5- and 6-membered rings: A natural orbital functional study
Ion Mitxelena, Juan Felipe Huan Lew-Yee, Mario Piris
TL;DR
This work benchmarks the recent electron-pairing-based natural orbital functionals GNOF and its modification GNOFm on a 12-molecule set of 5- and 6-membered rings, focusing on dynamic correlation. The authors compute complete-basis-set (CBS) limit correlation energies and compare against CCSD(T), using an exponential extrapolation $E(X) = E_{\mathrm{CBS}} + a_1 \cdot \exp(-a_2 X)$ across cc-pVDZ–cc-pV5Z (with special treatment for Thiophene).
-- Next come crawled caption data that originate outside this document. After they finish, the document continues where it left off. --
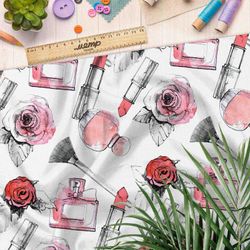 Ткань шифон губная помада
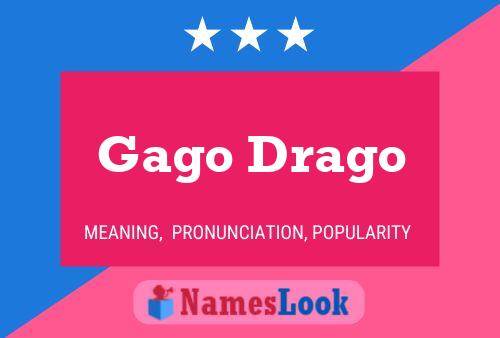 ملصق اسم Gago Drago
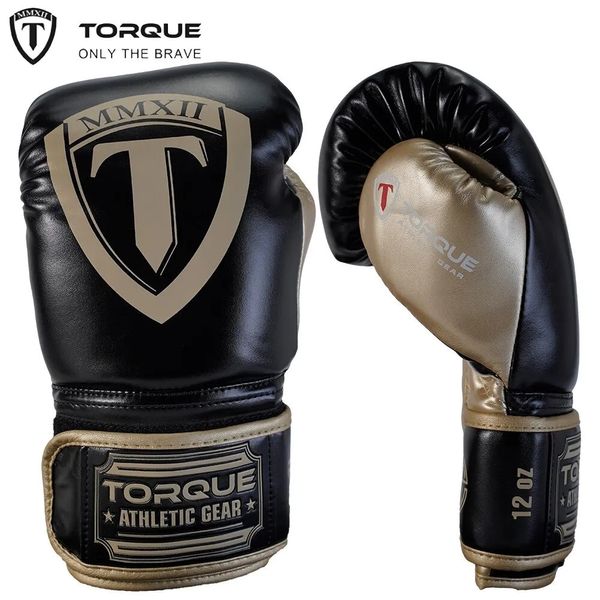 Guanti sportivi TORQUE Uomo Donna 8 10 12 14 16 once Boxe PU Pelle Tiger Muay Thai MMA Professione Kickboxing Adulti Sandbag Training 231005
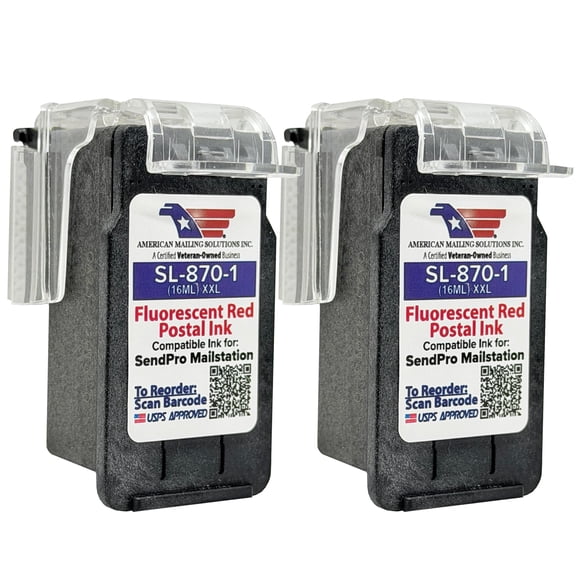 Cartucho de Tinta American Mailing Solutions SL-870-1 16 ml Rojo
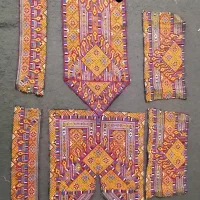 زی آستین بلوچی دست دوز کامل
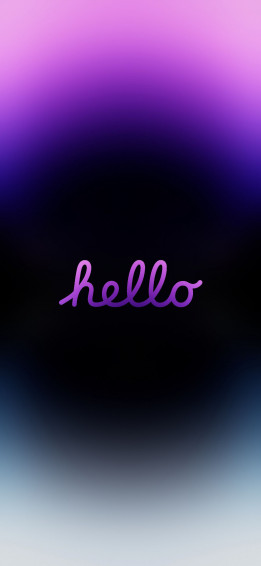 iPhone14pro 14promax Hello Deep Purple iPhone Wallpaper Stills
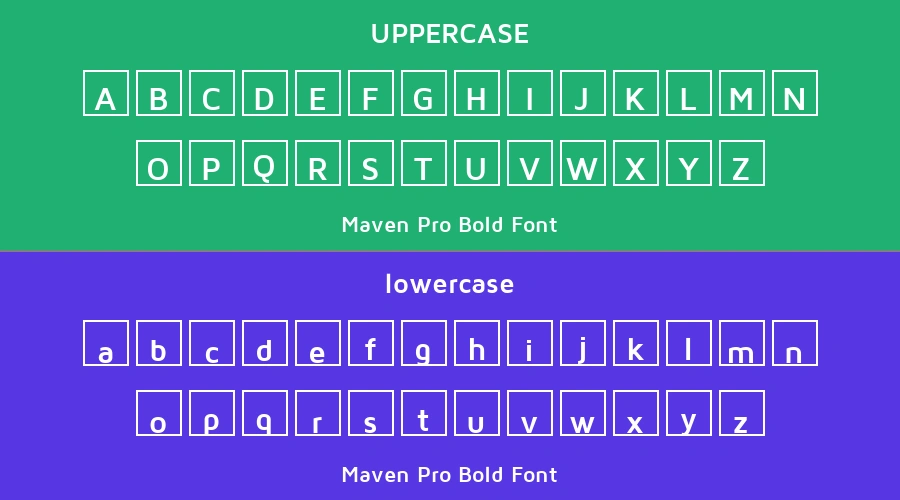 Maven Pro Bold Font Preview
The results show that GNOFm systematically improves over GNOF, achieving CBS-limit energies within roughly $50\,mE_h$ of CCSD(T) for most systems, demonstrating that NOFs can capture dynamic correlation without active-space selection. Collectively, the study supports NOFs as a robust and scalable alternative to traditional multireference and perturbative methods for molecules where dynamic correlation dominates, and it paves the way for further refinement and broader benchmarking of the GNOF family.
Abstract
The Global Natural Orbital Functional (GNOF) provides a straightforward approach to capture most electron correlation effects without needing perturbative corrections or limited active spaces selection. In this work, we evaluate both the original GNOF and its modified variant GNOFm on a set of twelve 5- and 6-membered molecular rings, systems characterized primarily by dynamic correlation. This reference set is vital as it comprises essential substructures of more complex molecules. We report complete-basis-set limit correlation energies for GNOF, GNOFm, and the benchmark CCSD(T) method. Across the Dunning basis sets, both functionals deliver a balanced and accurate description of the molecular set, with GNOFm showing small but systematic improvements while preserving the overall robustness of the original formulation. These results confirm the reliability of the GNOF family and its ability to capture dynamic correlation effects.